アナリストによると、オバマ時代に米国とEUが「大西洋横断貿易投資パートナーシップ協定(TTIP)」の協議を行った際に、双方は輸入品97%以上の関税を撤廃すると提案していた。しかし双方が政府調達、農産物市場の進出、金融の監督管理などで大きな食い違いを残していたため、協議に重大な進展はなかった。トランプ政権とEUが協議を通じ、自動車以外の工業製品のすべての関税を撤廃できるかについては、今後の経過を見守る必要がある。
またEUが米国から液化天然ガスの輸入を拡大できるかも未知数だ。アジアの天然ガスの輸入価格は欧州を上回るため、米国は天然ガスをアジアに輸出する方が利益になる。米国の多くの油ガス企業が、韓国や日本などのアジア諸国と天然ガス長期供給契約を結んでいる。業界関係者によると、欧州諸国が提示する天然ガス輸入価格がアジア諸国を上回れば、費用はロシアから輸入する天然ガスを大きく上回ることになる。
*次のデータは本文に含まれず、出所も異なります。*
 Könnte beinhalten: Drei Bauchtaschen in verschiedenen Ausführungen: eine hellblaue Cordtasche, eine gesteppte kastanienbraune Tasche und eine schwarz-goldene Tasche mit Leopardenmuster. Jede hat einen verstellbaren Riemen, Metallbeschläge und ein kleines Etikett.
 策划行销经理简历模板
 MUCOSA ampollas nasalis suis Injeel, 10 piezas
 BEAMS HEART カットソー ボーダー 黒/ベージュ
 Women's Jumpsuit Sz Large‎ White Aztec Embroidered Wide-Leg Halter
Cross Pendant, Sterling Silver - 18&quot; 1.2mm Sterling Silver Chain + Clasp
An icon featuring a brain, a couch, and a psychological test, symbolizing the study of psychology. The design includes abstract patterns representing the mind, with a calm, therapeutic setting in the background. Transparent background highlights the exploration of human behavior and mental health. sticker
これは一部の欧州諸国にとって耐え難いことだ。
米国メディアは、米国とEUが貿易摩擦を解消することで合意したが、米国のEU諸国を対象とする鉄鋼・アルミ関税、EUの米国に対する報復関税は依然として有効だと指摘した。双方が自動車関税の紛争を解決できなければ、トランプ政権は輸入車及び部品に追加関税を導入する。EUは報復措置を講じざるを得なくなる。
EUのオサリバン駐米大使は先週、EUが米国の自動車関税への報復措置の準備を進めていると表明した。オサリバン氏は、自動車関税によりその他の国が約2940億ドルの米国製品に報復措置を講じることになると警告した。